同じ内容でも、無料のものと身銭を切って学ぶものとでは意欲に大きな違いが生まれる。勉強に限らず、町中で配られるポケットティッシュを丁寧に扱う人はいないし、宝くじで当たったあぶく銭はどうしても雑に使ってしまいがちである。

無料で学ぶものには本気になれない事例はいくつもある。たとえば会社の経費で参加する研修だ。会社員の頃に参加した研修は日々の業務のノルマから解放され、ボーナスタイムのような感覚だった。周囲もそれは同じで、いつもはしかめっ面をすることが多い同僚も研修の時は半分遊び感覚のような態度の人もいた。

研修は会社にとって大きな出費である。しかし、そのかけたコスト分だけ本当に参加者は真摯に学べているだろうか?正直、これはかなり怪しい。筆者は英語を教えているのだが、時々「福利厚生で受講料は会社負担にしてもらえるので領収書を下さい」という人がいる。だが、そうした受講生は自費で学ぶ人に比べて比較的すぐに挫折してしまう人が多かったように思う。会社の奢りだとイマイチ真剣になれないのだろう。

その他にも、図書館やYouTubeで無料のコンテンツは世の中にたくさんある。その気になれば無料コンテンツだけで専門家に迫る力を得ることができるはずだ。しかし、「自分は図書館を使い倒して専門家になった」という人より「必死にお金をためてビジネススクールで頑張って成果を出した」という人の方が圧倒的に多い。YouTubeも同じだ。つまり、問題はコンテンツの質もあるが、それ以上に身銭を切ることそのものにあると思うのだ。

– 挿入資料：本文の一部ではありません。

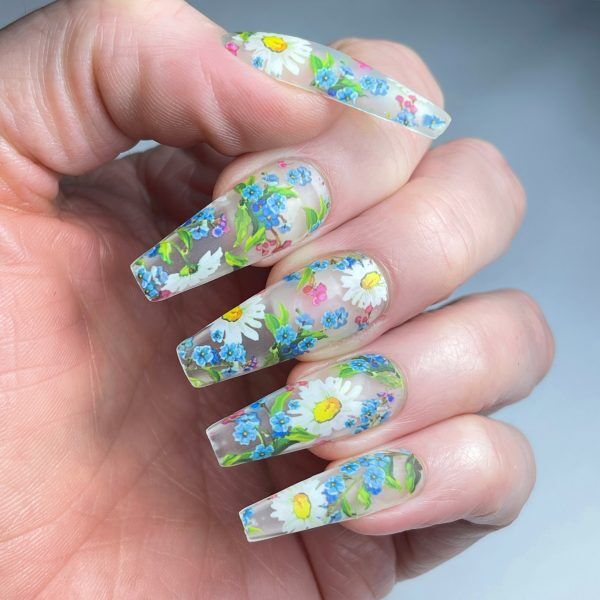 forget me not matte nails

尚、筆者は大学の図書館で膨大な読書や勉強をしてきたが、これは大学の学費を支払っている感覚があったためだ。「図書館の利用料は無料ではなく、実際は学費にも含まれている。何が何でも元を取らなければ!」という気持ちで図書館を誰よりも使い倒していた。やはり、人は身銭を切ることで本気になれるのだ。